Our objective is to reuse these existing B specifications for the dynamic semantics definition. For this purpose, we create linkage B specifications (Fig. 1) in which we apply two mechanisms from the B method: refinement and inclusion. In the B method, refinements have two main principles: add requirements by going from abstract models to more concrete ones and prove the preservation of the abstract model invariants. The composition, such as inclusion, allows to beak down the system by applying the separation of concerns principle.

In our approach, refinements would guarantee the preservation of the safety invariants of ERTMS/ETCS defined in the re-used B specifications and inclusion provides an access to the B variables that represent the static semantics and use them in place of those of the refined machines. Proved B operations are then refined by DSL-centric operations and hence behaviours that comply with ERTMS/ETCS are applied to our DSLs.

3.3 Execution

DSL execution is intended to perform early validation since the DSL is expected to behave as the target system should run. In our framework, this execution is done by Meeduse given domain-specific models that represent railway topologies and infrastructures conforming to RailTopoModel. First, Meeduse injects these models into the functional B specifications issued from our meta-models. This step, called (Valuation) in Fig. 1, creates enumerations and generates substitutions that assign concrete initial values to the B variables. Then, the tool asks ProB to compute the initial state of the B specifications and the list of operations that can be animated from this state. At this stage, railway experts can start playing with the B operations of the linkage machines in order to simulate ERTMS/ETCS train behaviours. All along the interactive animation, Meeduse synchronises the current state of the B specifications with the input models (step (Synchronisation) in Fig. 1), which results in a domain-centric visual animation. The interest of this approach in comparison with classical visual animation is that our framework allows railway experts to design by themselves the input models and validate their behaviours without being trained in formal methods.

4 Conclusion

The use of Domain-specific modelling languages becomes important in the railway domain as they provide support for railway mechanisms from their semantics definition to their concrete syntax. In the last decade, several tools and platforms [1, 2, 7, 11, 12] were proposed in order to allow railway experts to design railway infrastructures and associated signalling systems. However, the limitation with these tools is that either the semantics of their DSLs don’t fully comply with international railway standards.

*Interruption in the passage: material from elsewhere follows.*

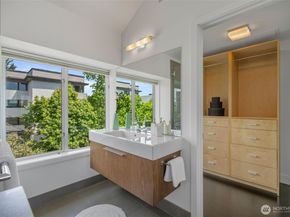 307 14th Avenue E B, Seattle WA 98112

In the railway domain, several specifications are defined by European and national authorities like the ISOFootnote 4 specifications from AFNORFootnote 5 or TSIsFootnote 6 from EUAR (European Union Agency for Railway). These specifications provide standardised engineering rules and infrastructure guidelines and allow the establishment of common interfaces for railway systems in order to maintain the compatibility among cross-border infrastructure objects. They also provide cost-effectiveness processes to ensure safety by using the best practices.

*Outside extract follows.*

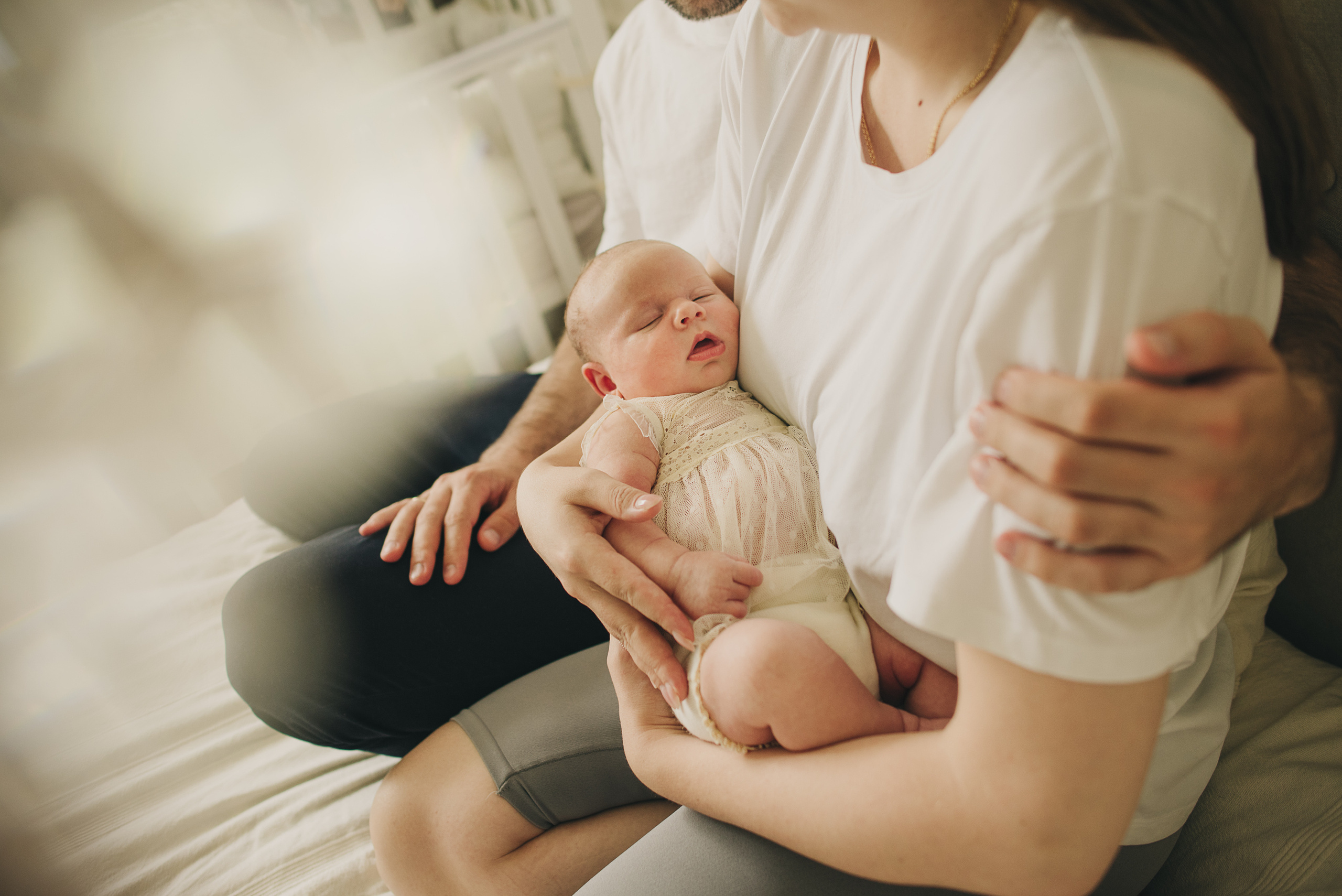 Съёмка девочки с улыбкой. Фотограф в Москве новорожденные свадьбы семьи Дарья Ларионова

This paper presents the main principles of our ongoing work for the development and the execution of railway DSLs that comply with current standards: RailTopoModel and ERTMS/ETCS. We apply the B method to formally define the static and dynamic semantics and prove that functional specifications can be executed on a given ETCS-based infrastructure, without braking global safety invariants. Our approach is domain-centric, which allows domain experts to design topological views of a railway system and then play with scenarios that comply with ERTMS/ETCS. This work provides two main contributions in comparison with existing railway editors: our DSL is derived from approved railway standard documents (RailTopoModel and ERTMS/ETCS) and the underlying semantics follow a formal method with available reasoning tools.